Start of RECORDS FOR THE TASK

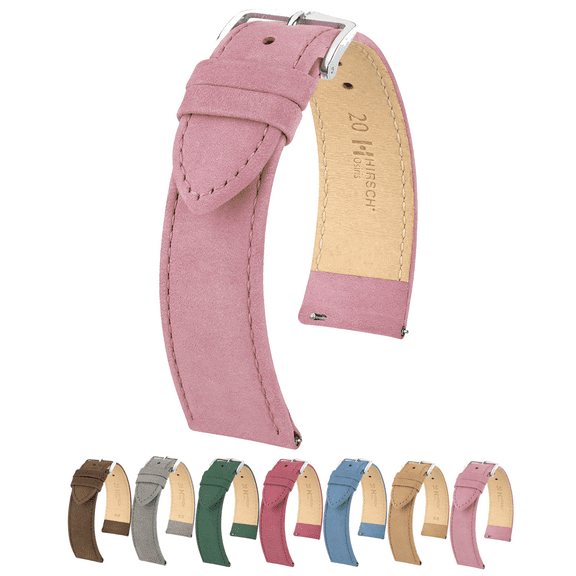 Hirsch Osiris Nubuck Leather Watch Strap - Rose - M - 16mm - Silver Buckle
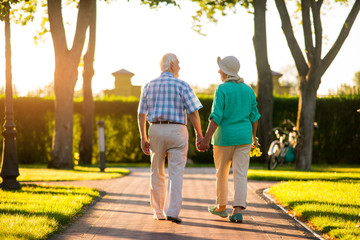Obraz premium Back view of senior couple. People walking and holding hands. Respect past and cherish present. We are grateful to fate.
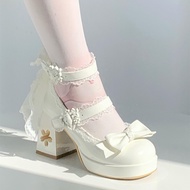 New Lolita Shoes Sweet Bow Mary Jane Cherry Blossom Lolita High Heels Lolita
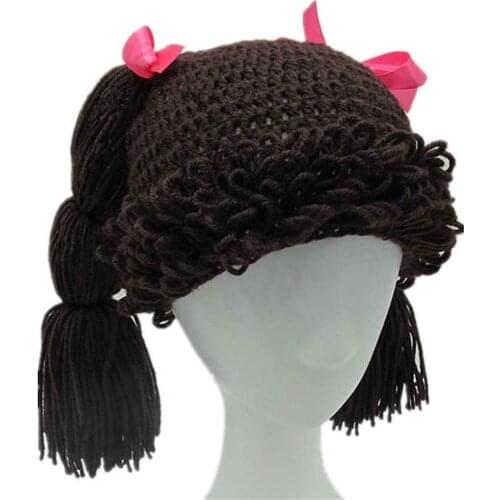 BomHCS Knitted Pigtail Wig Beanie Handmade Women Girls Braid Hat Bowknot Cap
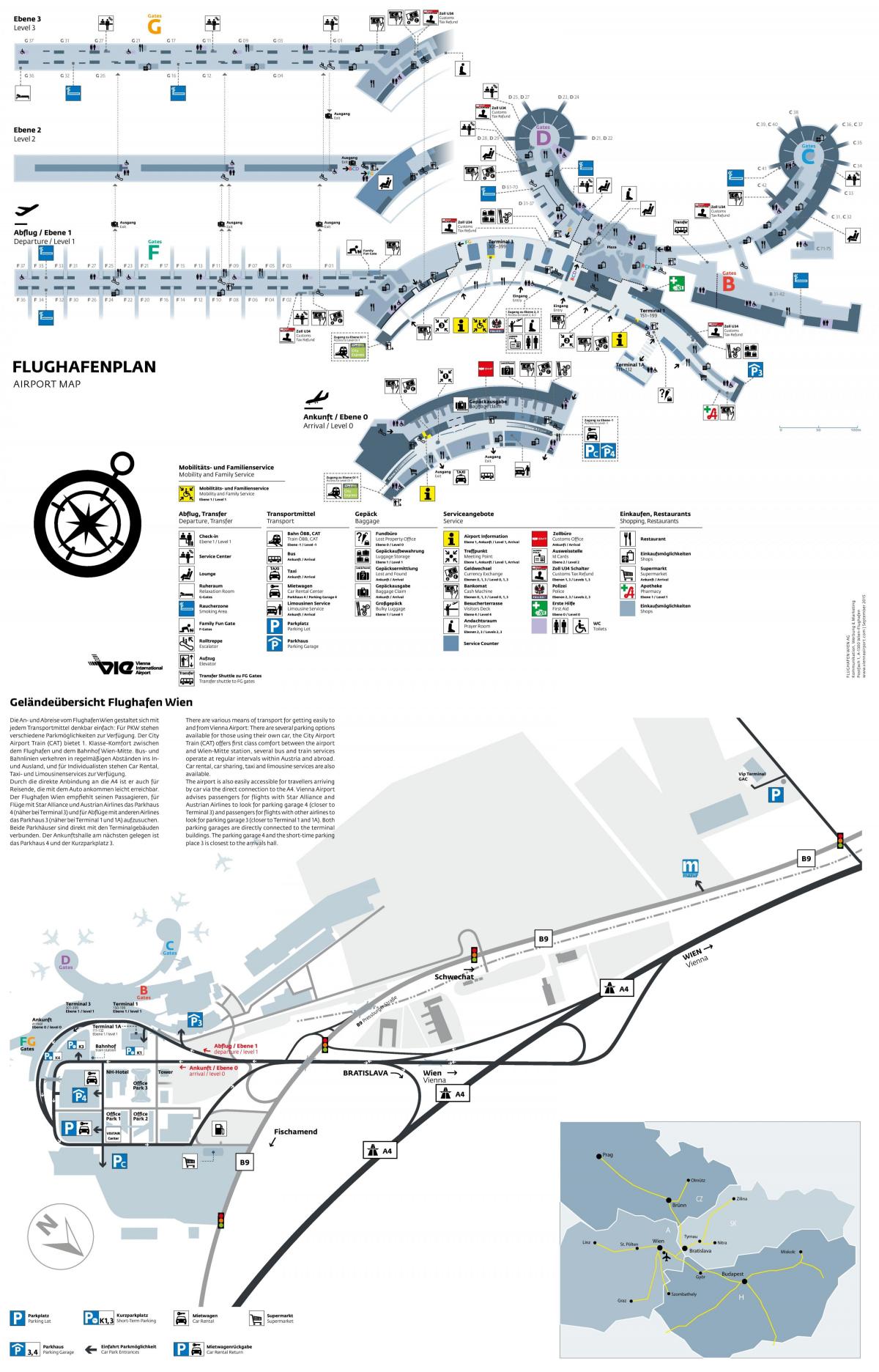 Vienna airport sortides mapa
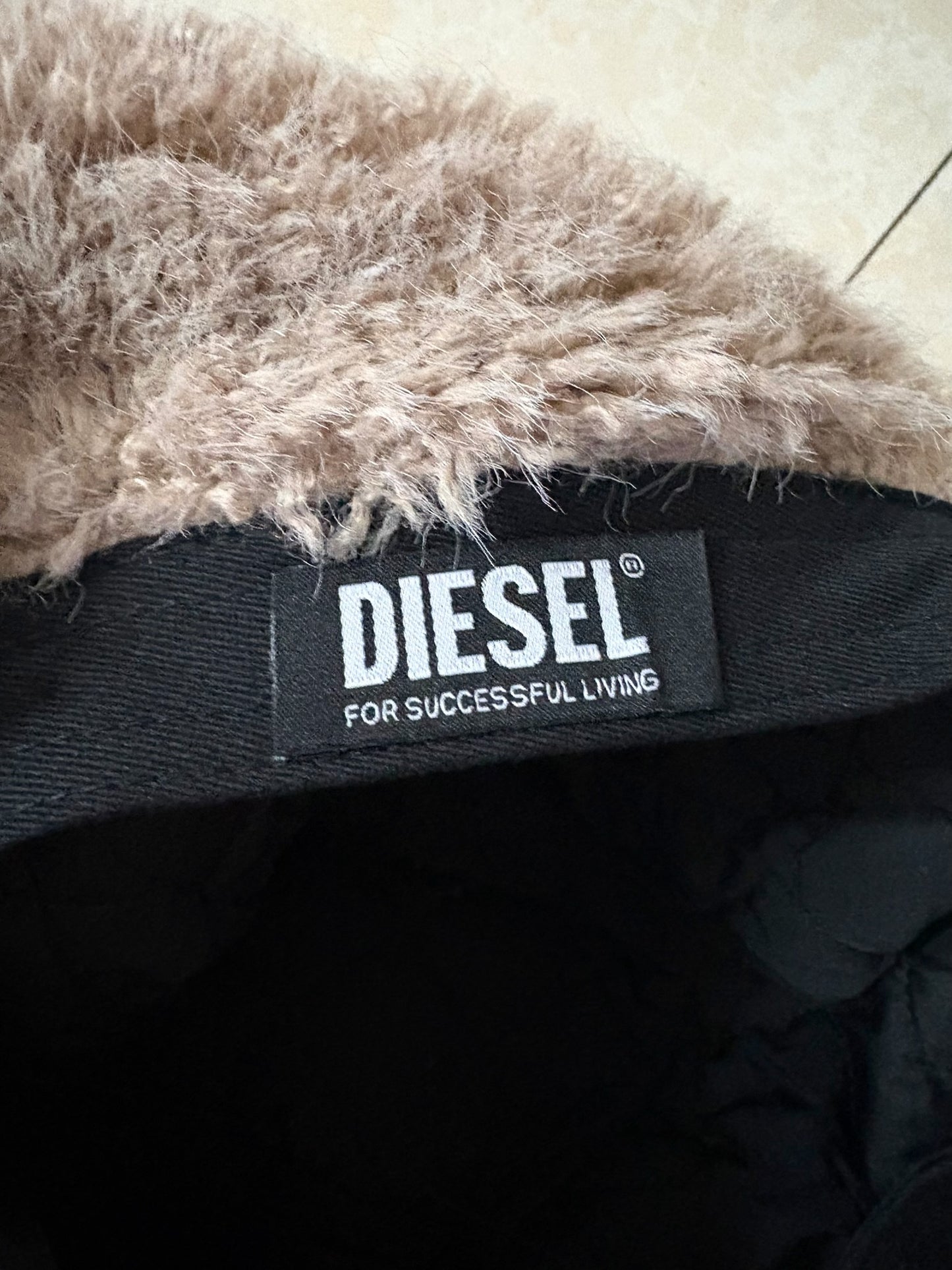 Diesel black denim trapper hat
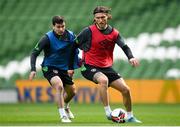 25 March 2022; Jeff Hendrick, right, and Josh Cullen during a Republic of Ireland training session at Aviva Stadium in Dublin. Photo by Stephen McCarthy/Sportsfile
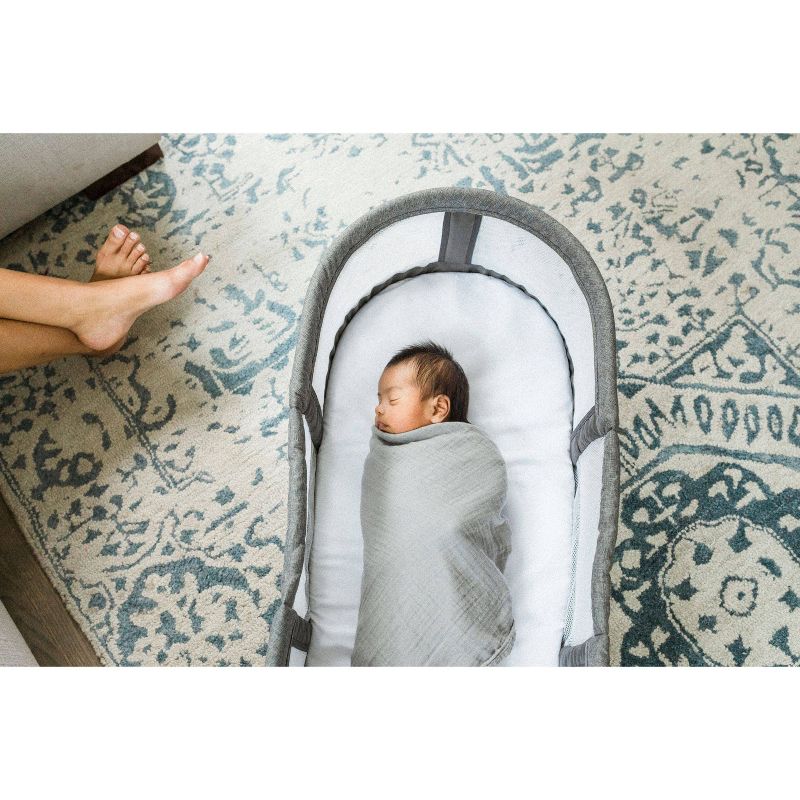 Baby Delight Snuggle Nest Peak - Portable Infant Bassinet - Gray
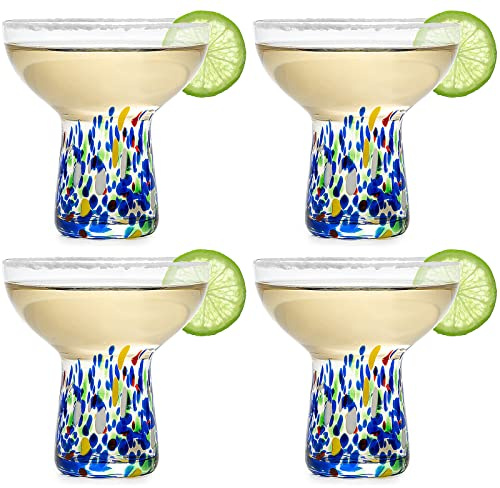 Margarita-Glas ohne Stiel – 4er Set – luxuriöses mundgeblasenes Konfetti Margaritas, für Cocktails, Wasser, Wein, Dessert, Cinco de Mayo, mundgeblasenes Glas – mexikanisches Konfetti-Design
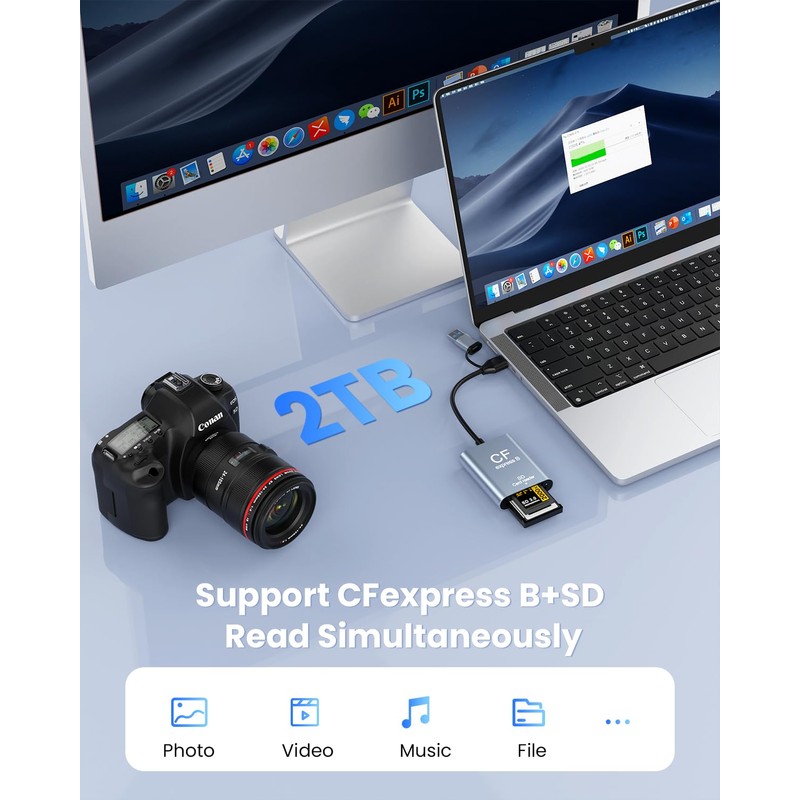 Professional CFexpress Type B & SD Card Reader with USB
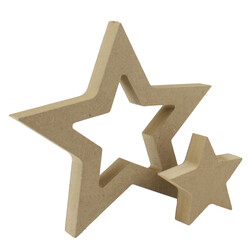 F14 Dual Star Figure Biblo Wood Object - Thumbnail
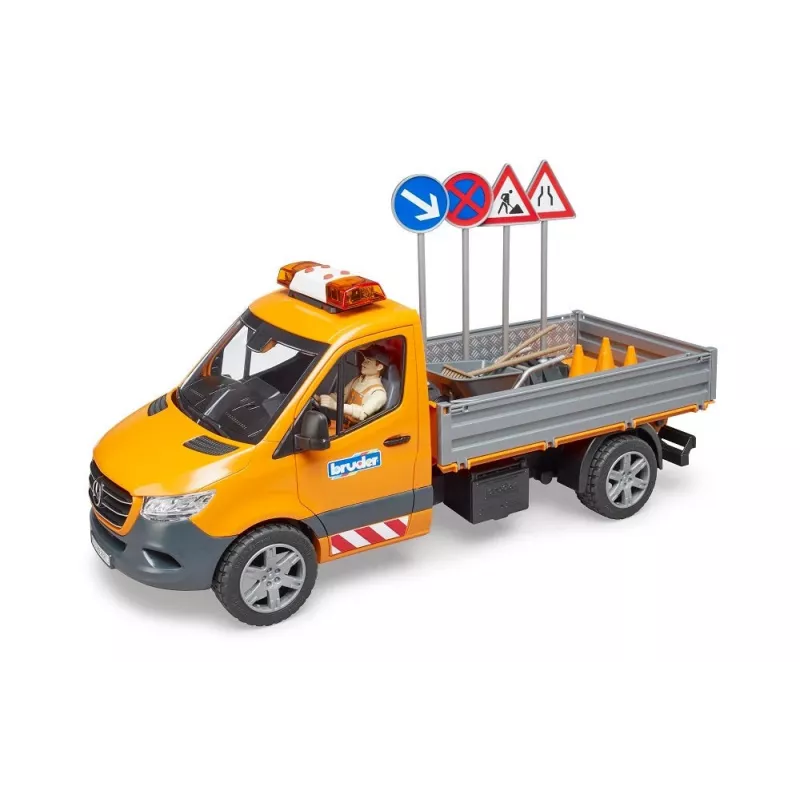 BRUDER MB Sprinter Municipal ar gaismas un skaņas moduli, oranžs, mērogs 1:16
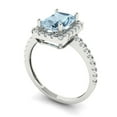 thumbnail image 1 of 1.86ct emerald cut blue Zircon 18k white gold halo Bridal Wedding Engagement Promise Anniversary Ring for Women size 6, 1 of 7
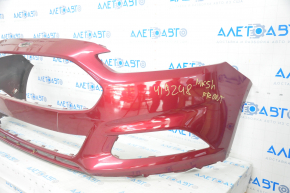 Front bumper bare Ford Fusion mk5 13-16 without parking sensors, red, broken fastener, soldered, broken honeycombs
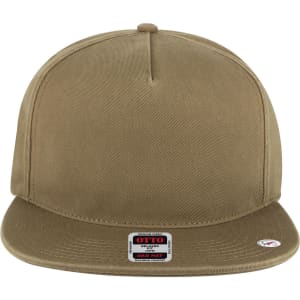 A khaki 5 Panel Low Profile Dad Cap with a flat brim and a logo on the front.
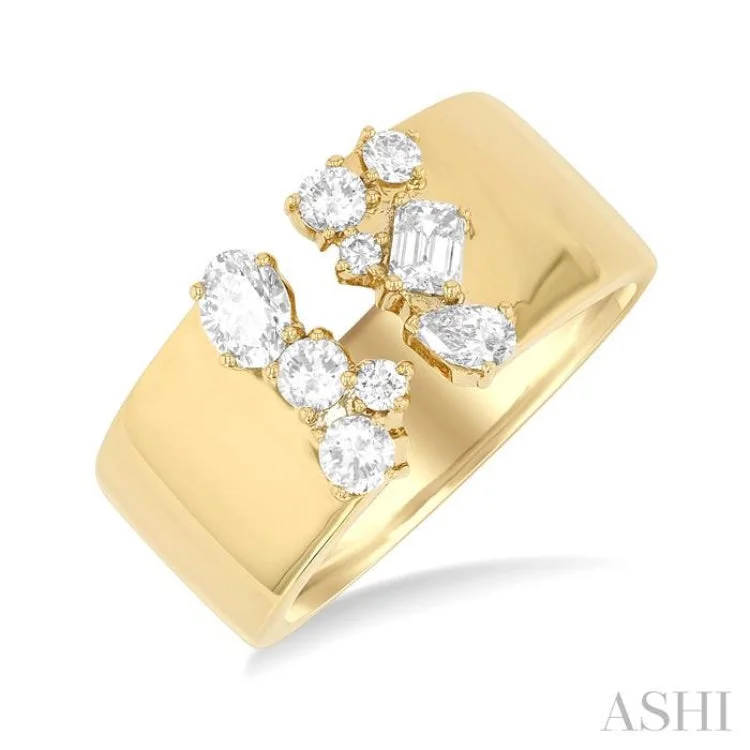 Designer Engagement Ring Sets-3/4 ctw Open Top Mixed Diamond Cut Wide Fashion Band in 14K Yellow Gold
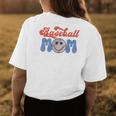 Hippie Face Baseball Mom Game Day Retro Groovy Mothers Day Womens Back Print T-shirt Unique Gifts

End of RECORDS FOR THE TASK

Please copy exactly the lines from the one containing "thumbnail image 1" through the last line of the records, both ends included, and leave out any pictures.

YOUR SOLUTION:
 thumbnail image 1 of 1.86ct emerald cut blue Zircon 18k white gold halo Bridal Wedding Engagement Promise Anniversary Ring for Women size 6, 1 of 7
 Front bumper bare Ford Fusion mk5 13-16 without parking sensors, red, broken fastener, soldered, broken honeycombs
 A khaki 5 Panel Low Profile Dad Cap with a flat brim and a logo on the front.
 Designer Engagement Ring Sets-3/4 ctw Open Top Mixed Diamond Cut Wide Fashion Band in 14K Yellow Gold
 Hippie Face Baseball Mom Game Day Retro Groovy Mothers Day Womens Back Print T-shirt Unique Gifts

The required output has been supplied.